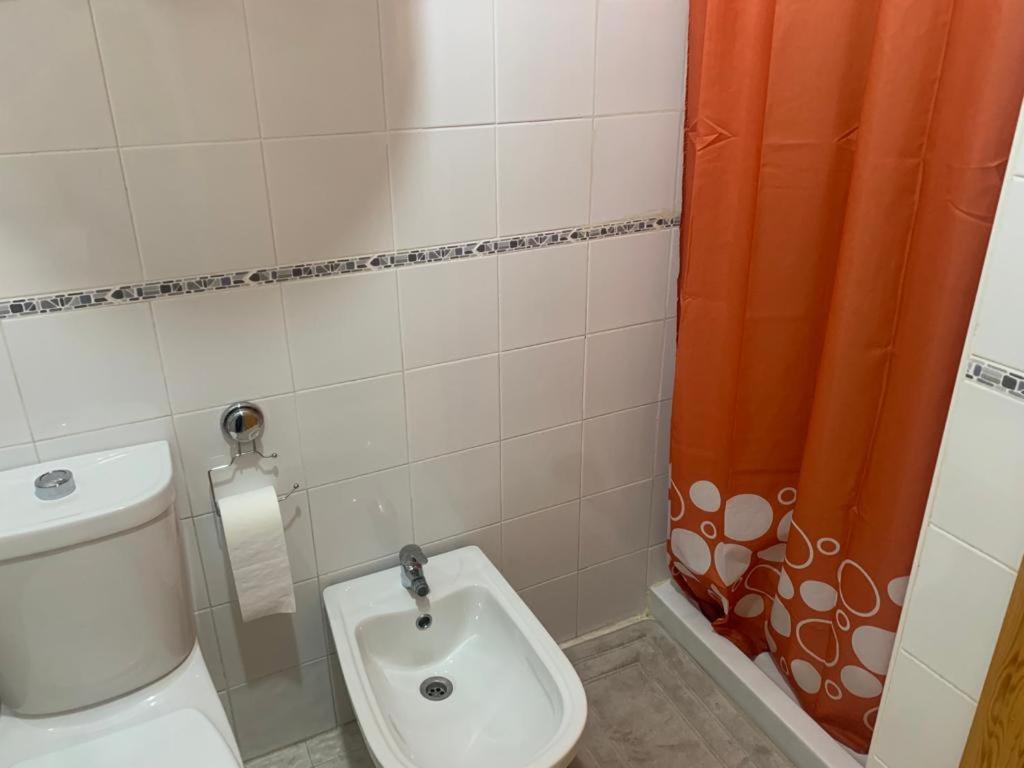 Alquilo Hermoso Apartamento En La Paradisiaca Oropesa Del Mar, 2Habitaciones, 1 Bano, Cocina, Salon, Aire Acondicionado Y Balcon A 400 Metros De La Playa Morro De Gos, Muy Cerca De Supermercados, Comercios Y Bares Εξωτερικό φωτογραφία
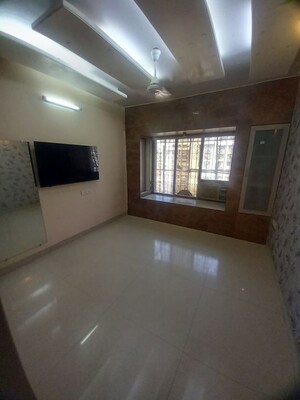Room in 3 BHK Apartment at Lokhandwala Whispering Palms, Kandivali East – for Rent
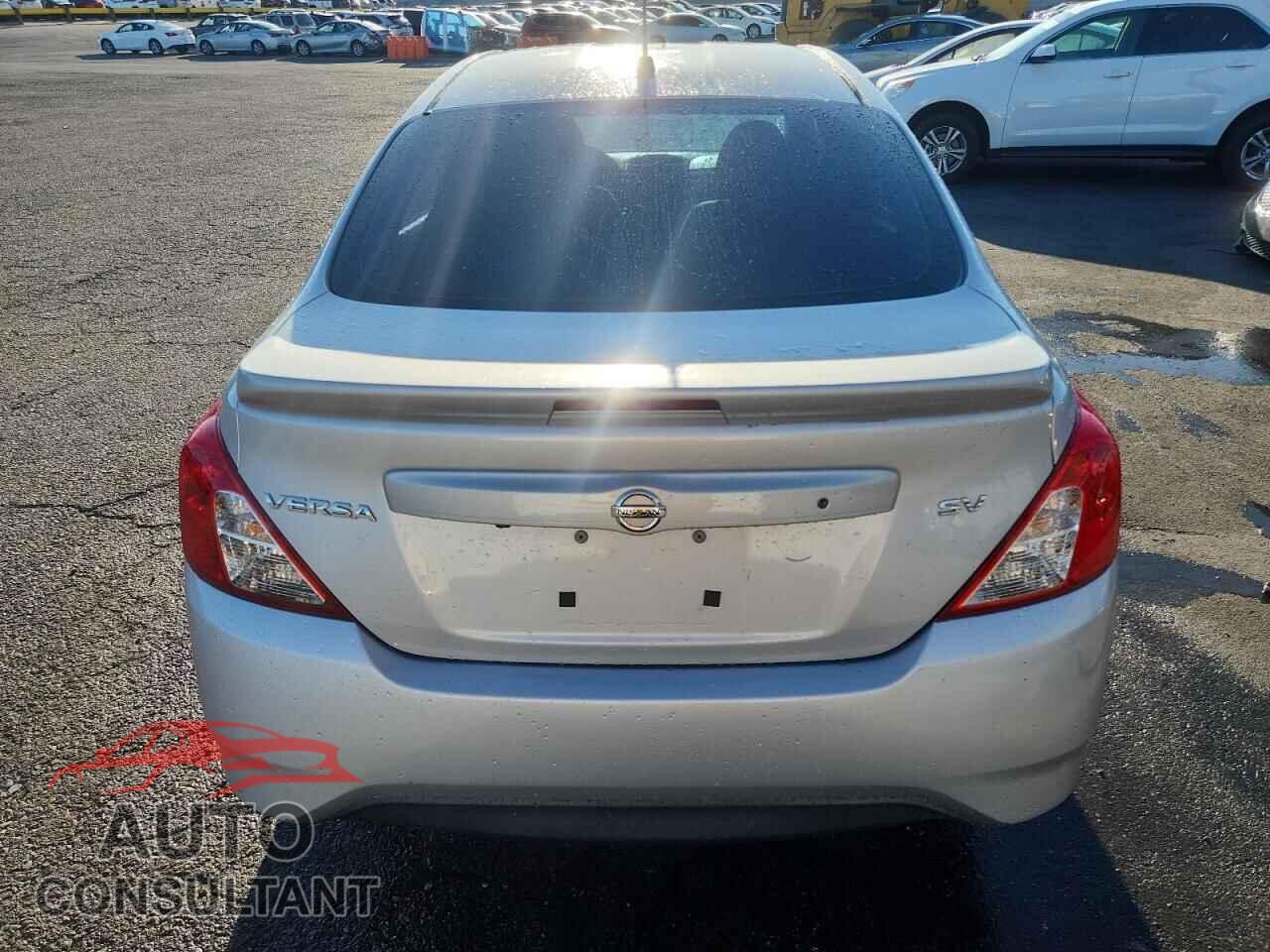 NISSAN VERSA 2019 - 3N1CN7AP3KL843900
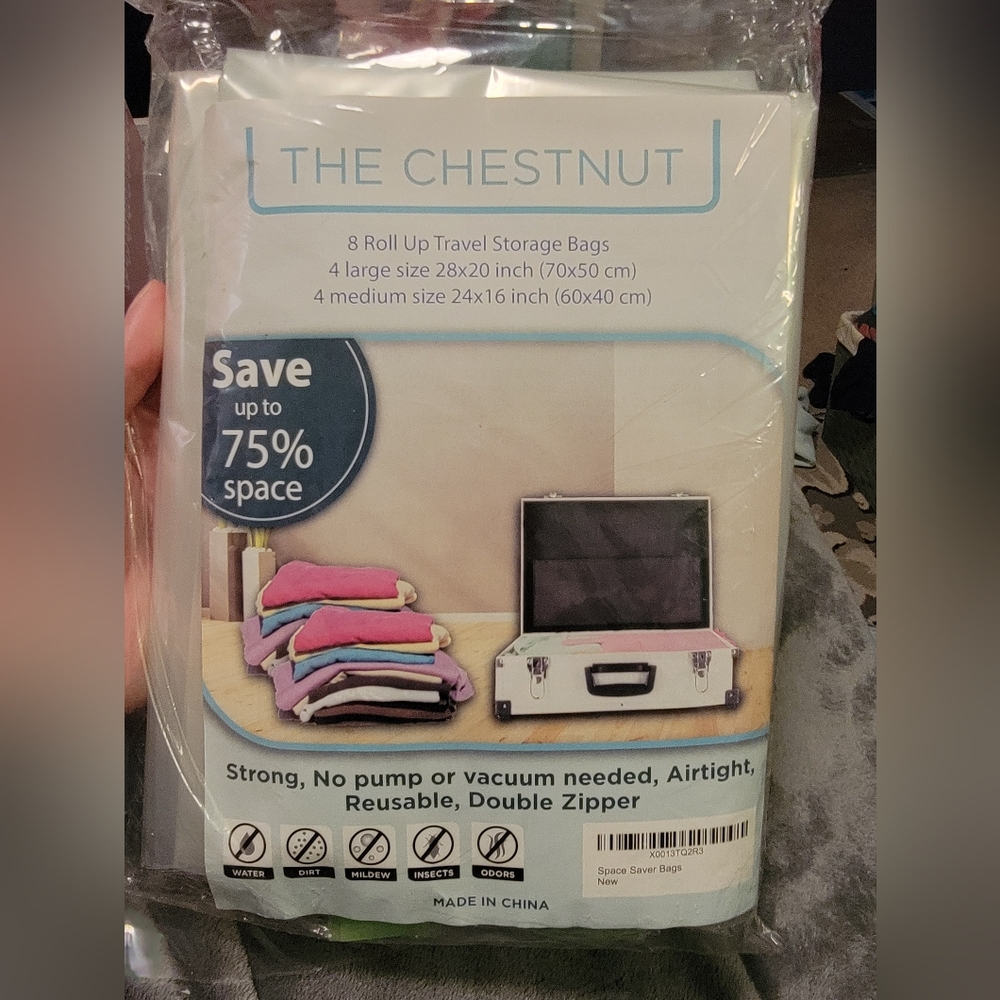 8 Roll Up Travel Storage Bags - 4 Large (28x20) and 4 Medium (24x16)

○ ○ ○ ○ ○ ○ ○

▶ _PROBLEM TO SOLVE_:
The whole listing is to be written out exactly; the pictures stay out of the copy.

▶ _RESPONSE TO THIS TASK_:
 Alquilo Hermoso Apartamento En La Paradisiaca Oropesa Del Mar, 2Habitaciones, 1 Bano, Cocina, Salon, Aire Acondicionado Y Balcon A 400 Metros De La Playa Morro De Gos, Muy Cerca De Supermercados, Comercios Y Bares Εξωτερικό φωτογραφία
Room in 3 BHK Apartment at Lokhandwala Whispering Palms, Kandivali East – for Rent
 NISSAN VERSA 2019 - 3N1CN7AP3KL843900
 8 Roll Up Travel Storage Bags - 4 Large (28x20) and 4 Medium (24x16)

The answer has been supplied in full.